Credit: Patrick Wen, MD
In the phase 3 INDIGO clinical trial co-led by Dana-Farber Cancer Institute, vorasidenib significantly prolonged progression free survival and delayed radiation and chemotherapy for patients with Grade 2 IDH-mutant glioma.
In a global phase 3, double-blinded, randomized clinical trial, a precision therapy called vorasidenib more than doubled progression-free survival for patients with Grade 2 gliomas with IDH1 or IDH2 mutations. The therapy also delayed follow-up on treatment with radiation and chemotherapy even more substantially.
“This is the first time a new agent has been introduced for the treatment of these tumors in more than 20 years,” says Patrick Y. Wen, MD, Director of the Center for Neuro-Oncology at Dana-Farber Cancer Institute and one of the trial’s three study chairs.

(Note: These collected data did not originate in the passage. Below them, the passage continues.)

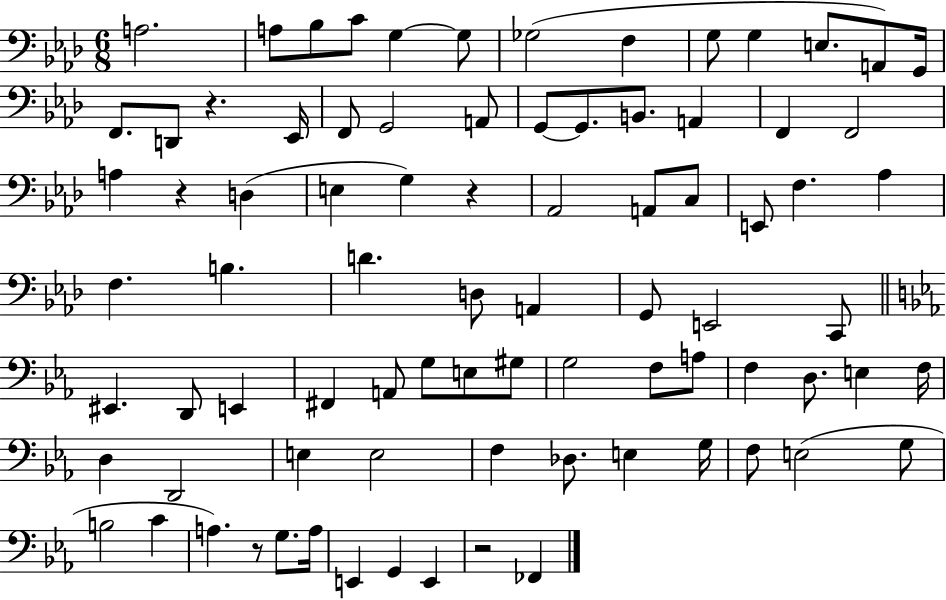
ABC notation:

X:1
T:Untitled
M:6/8
L:1/4
K:Ab
A,2 A,/2 _B,/2 C/2 G, G,/2 _G,2 F, G,/2 G, E,/2 A,,/2 G,,/4 F,,/2 D,,/2 z _E,,/4 F,,/2 G,,2 A,,/2 G,,/2 G,,/2 B,,/2 A,, F,, F,,2 A, z D, E, G, z _A,,2 A,,/2 C,/2 E,,/2 F, _A, F, B, D D,/2 A,, G,,/2 E,,2 C,,/2 ^E,, D,,/2 E,, ^F,, A,,/2 G,/2 E,/2 ^G,/2 G,2 F,/2 A,/2 F, D,/2 E, F,/4 D, D,,2 E, E,2 F, _D,/2 E, G,/4 F,/2 E,2 G,/2 B,2 C A, z/2 G,/2 A,/4 E,, G,, E,, z2 _F,,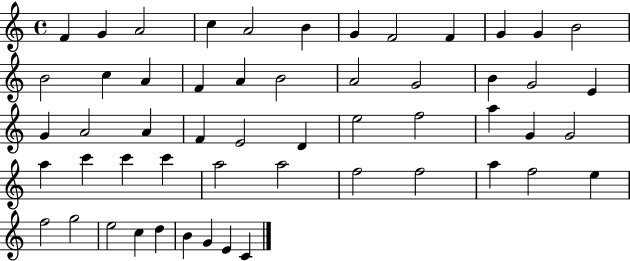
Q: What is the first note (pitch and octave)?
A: F4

The INDIGO trial is the first phase 3 clinical trial of a molecularly targeted therapy for IDH-mutant glioma. The results were presented in a plenary session at the American Society for Clinical Oncology (ASCO) 2023 annual meeting and published in the New England Journal of Medicine.
Grade 2 gliomas are incurable brain tumors. IDH mutations are found in the vast majority of lower grade gliomas.
These tumors tend to appear in young people in their 30s or 40s. Current treatment involves surgery followed by radiation and chemotherapy. Radiation and chemotherapy are effective treatments, but within a few years of treatment, patients will experience signs of cognitive dysfunction normally seen in much older people.
Based on the trial results, treatment with vorasidenib can delay the need for treatment with radiation and chemotherapy. “By delaying these treatments, we are also able to delay cognitive dysfunction in patients and preserve their quality of life,” says Wen.
The INDIGO trial enrolled 331 patients with Grade 2 IDH-mutated gliomas who had undergone surgery to remove the tumor. Patients who enrolled did not immediately need radiation and chemotherapy and instead were in a watch-and-wait period. During this time, they were randomized to take either vorasidenib or placebo.
Patients taking vorasidenib had a median of 27.7 months progression-free survival compared to 11.1 months for patients taking a placebo. The time to next treatment for patients taking the placebo was 17.8 months. For those taking vorasidenib, a median has not been determined because only 11.3% of these patients have so far progressed to the next treatment. The drug also had a manageable safety profile.
“Tolerability is important because this is a drug that we expect people to be on for many years,” says Wen.
IDH1 and IDH2 are enzymes that, when mutated, drive the growth of the cancer. Vorasidenib inhibits both IDH1 and IDH2 mutant enzymes and penetrates the blood-brain barrier. Vorasidenib showed strong signs of efficacy in a phase 1 trial co-led by Wen. That evidence became the basis for the INDIGO trial.
“The majority of low-grade gliomas have IDH mutations, and the hope was that IDH inhibitors could slow tumor growth,” says Wen. “The INDIGO trial shows that IDH inhibitors can work in low grade gliomas with the IDH mutation.”
The positive results open the door to a number of new possibilities for patients. For instance, Wen has an ongoing trial investigating vorasidenib with immunotherapy and there are planned trials combining vorasidenib with standard radiotherapy and chemotherapy.
“In a field where nothing seems to work, these results suggest that something can work,” says Wen. “Hopefully this will not only help many patients but will also encourage more companies and investigators to put resources into this field.”
Funding: This study was funded by Servier Pharmaceuticals LLC.